*Directions for this task:*
The required output is the stretch from the line containing "Echo Show 10" through the line containing "Notebook MSi GAMER" in the records below, unaltered and with no pictures.

***** Information

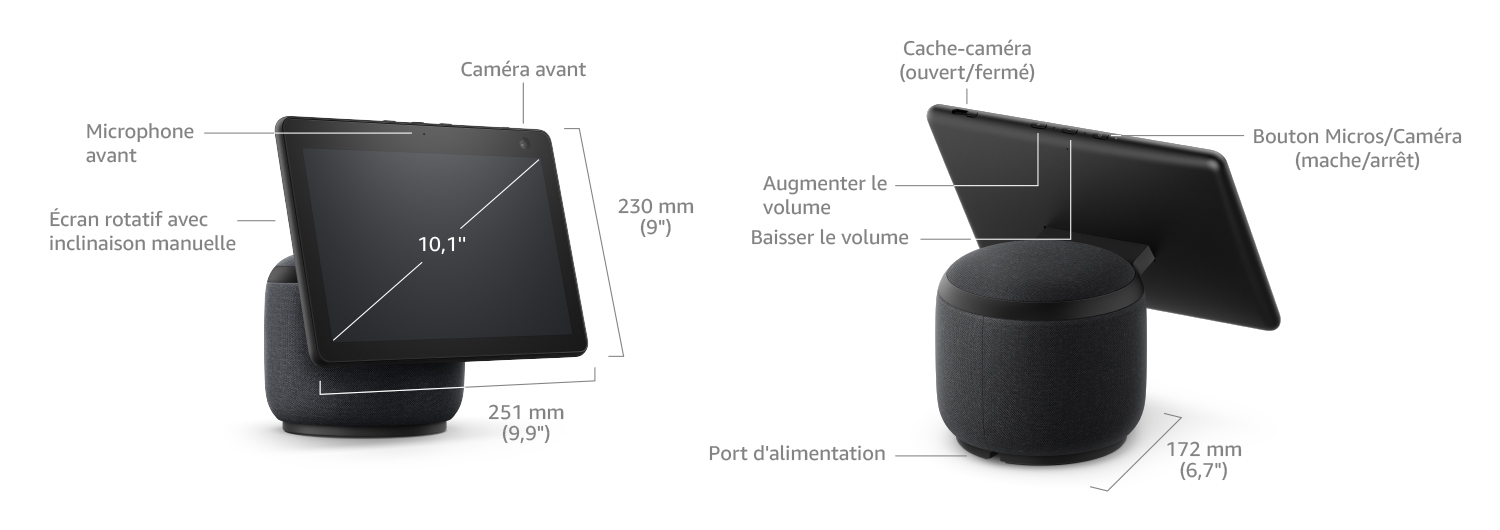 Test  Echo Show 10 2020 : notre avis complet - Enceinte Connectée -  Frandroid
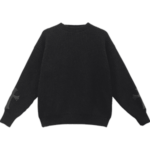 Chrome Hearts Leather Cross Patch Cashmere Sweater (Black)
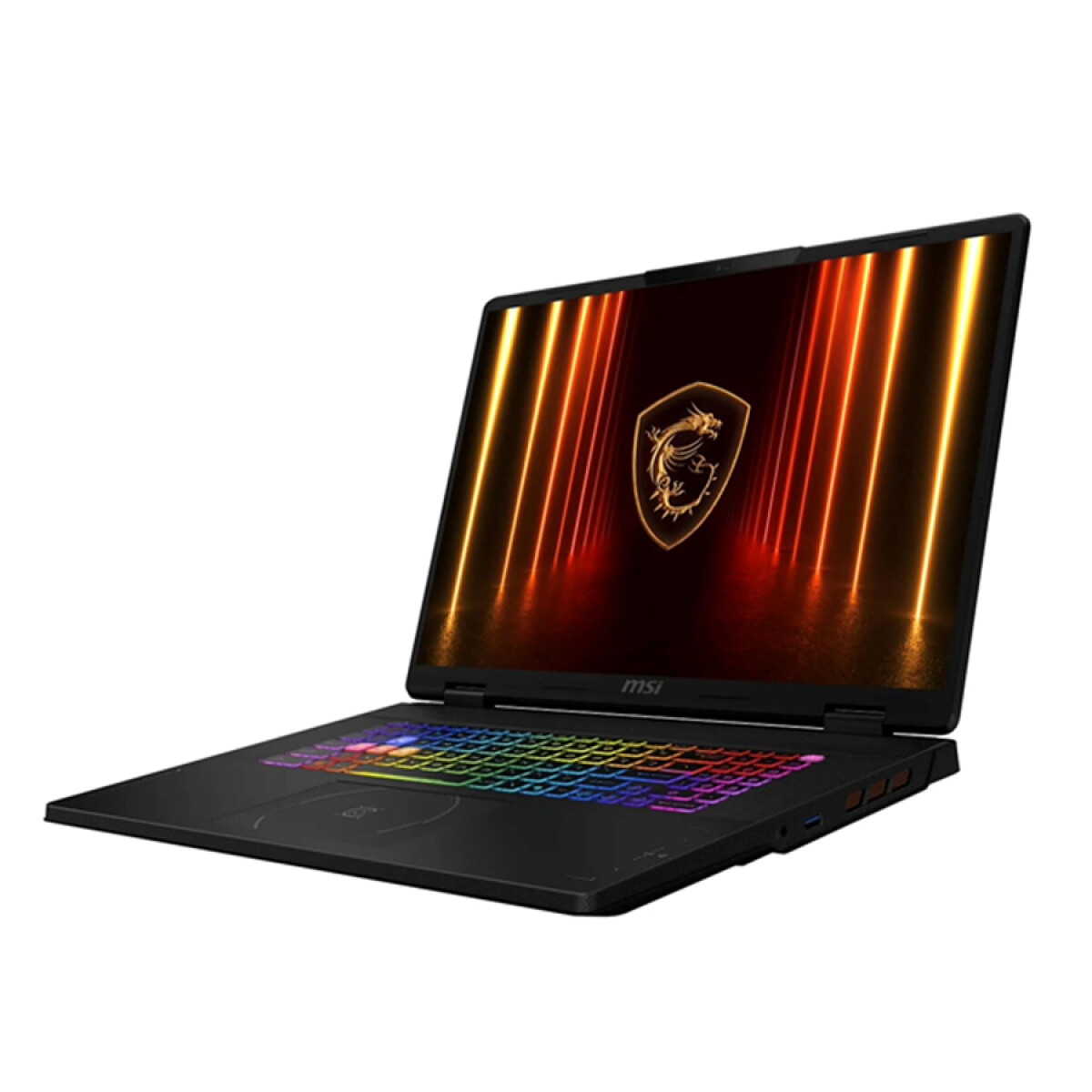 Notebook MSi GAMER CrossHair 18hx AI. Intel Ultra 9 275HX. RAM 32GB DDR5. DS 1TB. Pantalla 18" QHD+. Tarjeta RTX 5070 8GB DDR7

**********
***** Information

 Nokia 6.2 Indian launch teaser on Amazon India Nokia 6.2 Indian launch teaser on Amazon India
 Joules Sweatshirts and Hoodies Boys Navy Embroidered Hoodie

**********
***** Information

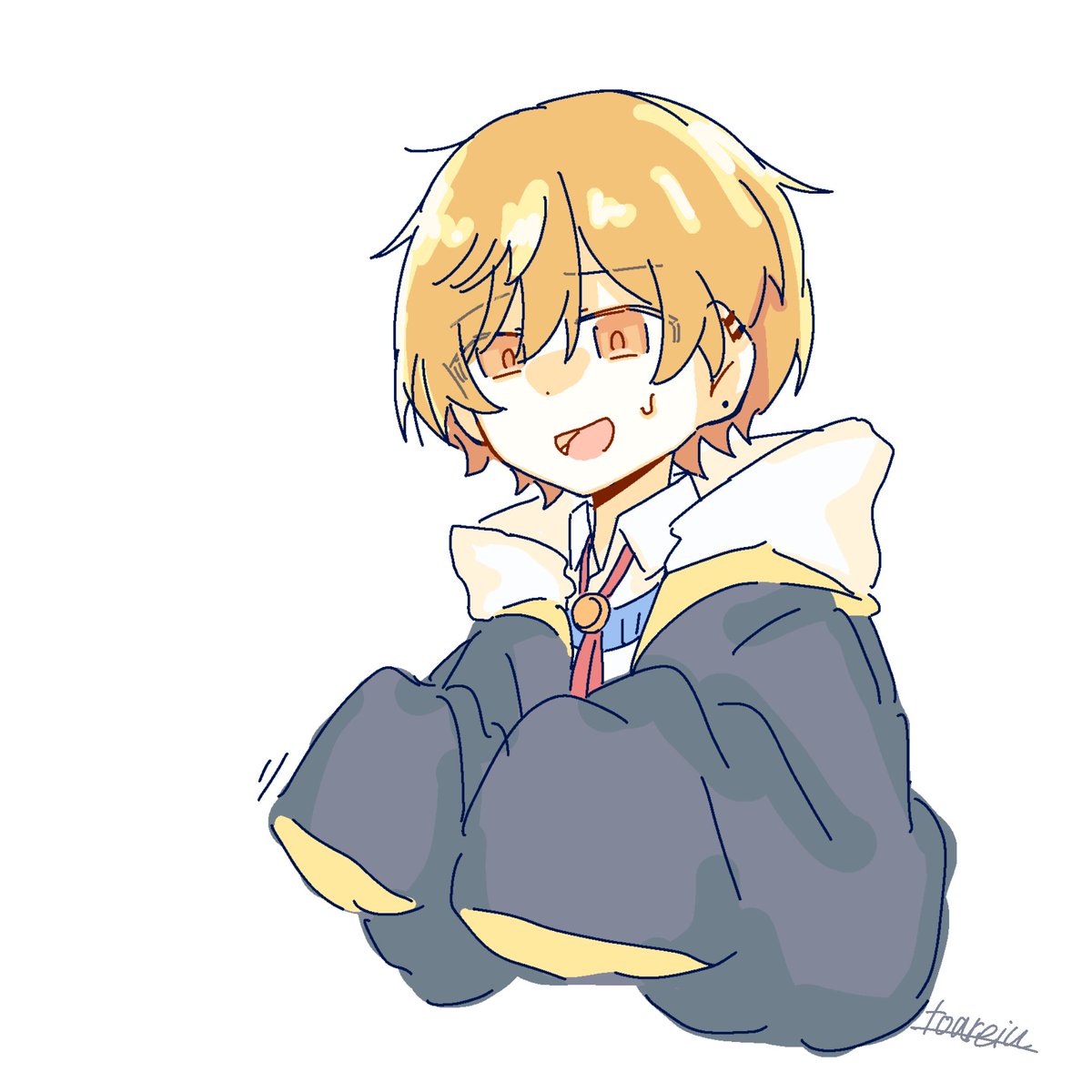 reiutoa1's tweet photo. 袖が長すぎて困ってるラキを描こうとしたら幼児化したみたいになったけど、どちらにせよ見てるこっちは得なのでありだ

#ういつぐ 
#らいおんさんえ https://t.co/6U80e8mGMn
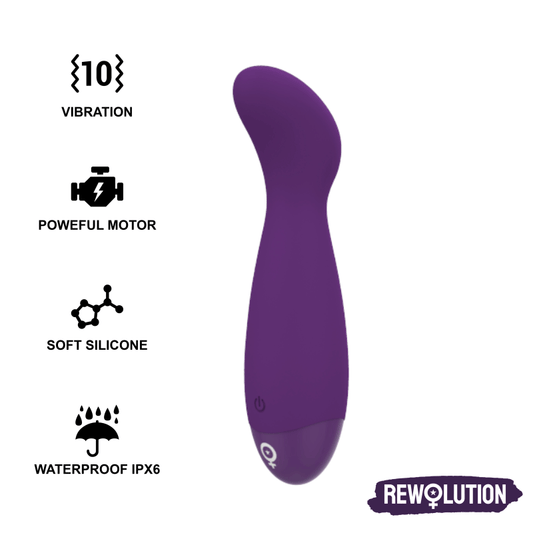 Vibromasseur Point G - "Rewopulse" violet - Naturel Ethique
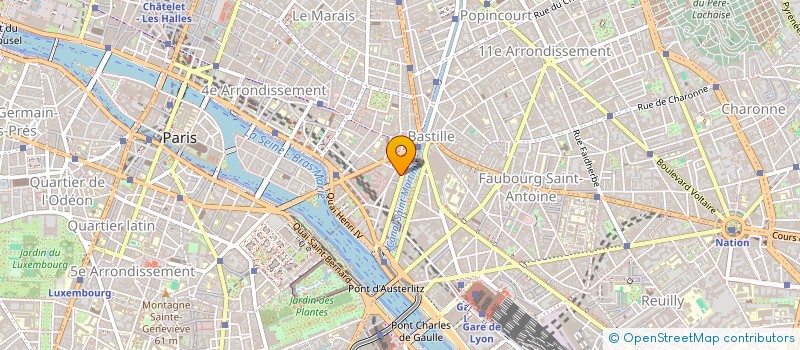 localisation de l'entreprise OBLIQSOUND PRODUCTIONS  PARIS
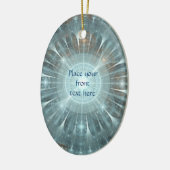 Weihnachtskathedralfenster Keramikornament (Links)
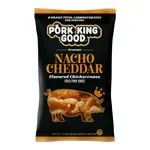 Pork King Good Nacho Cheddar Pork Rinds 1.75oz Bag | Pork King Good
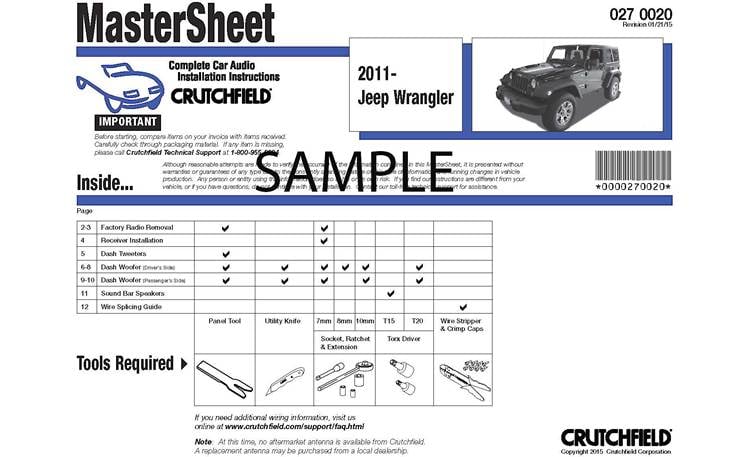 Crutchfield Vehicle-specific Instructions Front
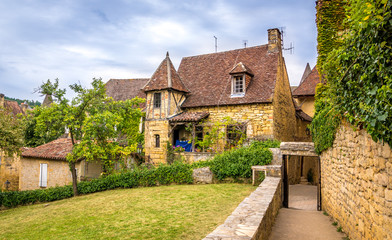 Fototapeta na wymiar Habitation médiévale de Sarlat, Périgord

**********

*Answer space:*
 Test  Echo Show 10 2020 : notre avis complet - Enceinte Connectée -  Frandroid
 Chrome Hearts Leather Cross Patch Cashmere Sweater (Black)
 Notebook MSi GAMER CrossHair 18hx AI. Intel Ultra 9 275HX. RAM 32GB DDR5. DS 1TB. Pantalla 18" QHD+. Tarjeta RTX 5070 8GB DDR7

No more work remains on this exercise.